>>>

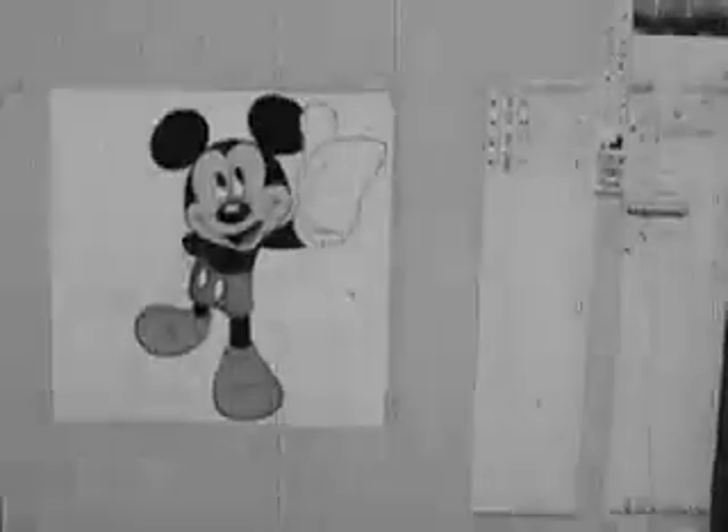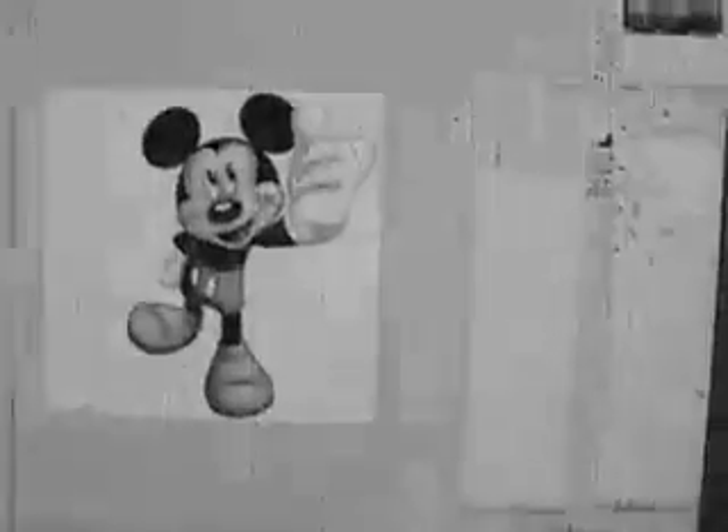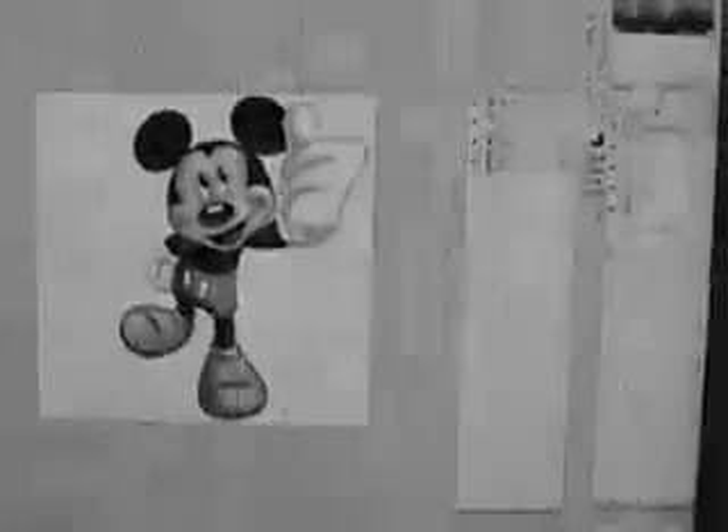Doesn't that look like a fun project? Sorry, new guy — time to start thinking about this assignment. Let's gather some reference and model sheets and use those time-honored tools of paper and pencils to begin. Say, that looks pretty good! Once scanned into the computer, it's easy as pie — everyone knows the computer does all the work these days.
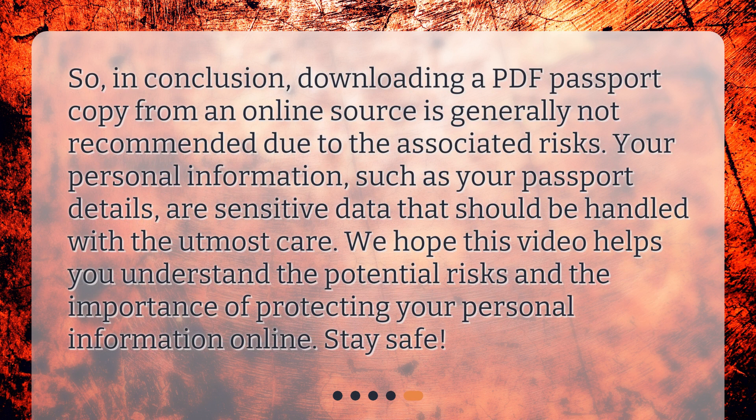So, in conclusion, downloading a PDF passport copy from an online source is generally not recommended due to the associated risks. Your personal information, such as your passport details, are sensitive data that should be handled with the utmost care. We hope this video helps you understand the potential risks and the importance of protecting your personal information online. Stay safe!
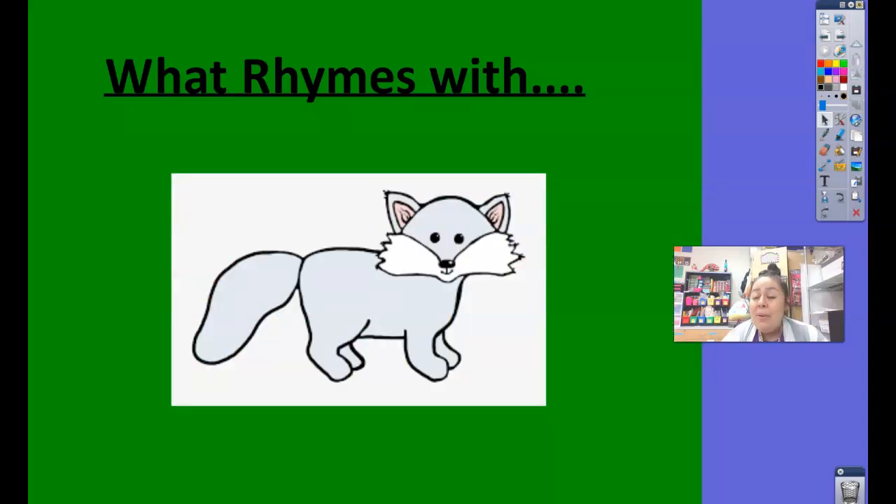Now let's look at our rhyming word. Yesterday you had to think of words that rhymed with seal. I heard things like seal, meal, eel, feel, teal — lots of great rhyming words for seal. Well, today I want you to think of some rhyming words for fox. Can you think of some words that rhyme with fox?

<<<

> **Your goal**
Your response must consist of the lines from the beginning of the data through the line containing "So, in conclusion, downloading", transcribed exactly, with no pictures.

> **Your response**
Doesn't that look like a fun project? Sorry, new guy — time to start thinking about this assignment. Let's gather some reference and model sheets and use those time-honored tools of paper and pencils to begin. Say, that looks pretty good! Once scanned into the computer, it's easy as pie — everyone knows the computer does all the work these days.
So, in conclusion, downloading a PDF passport copy from an online source is generally not recommended due to the associated risks. Your personal information, such as your passport details, are sensitive data that should be handled with the utmost care. We hope this video helps you understand the potential risks and the importance of protecting your personal information online. Stay safe!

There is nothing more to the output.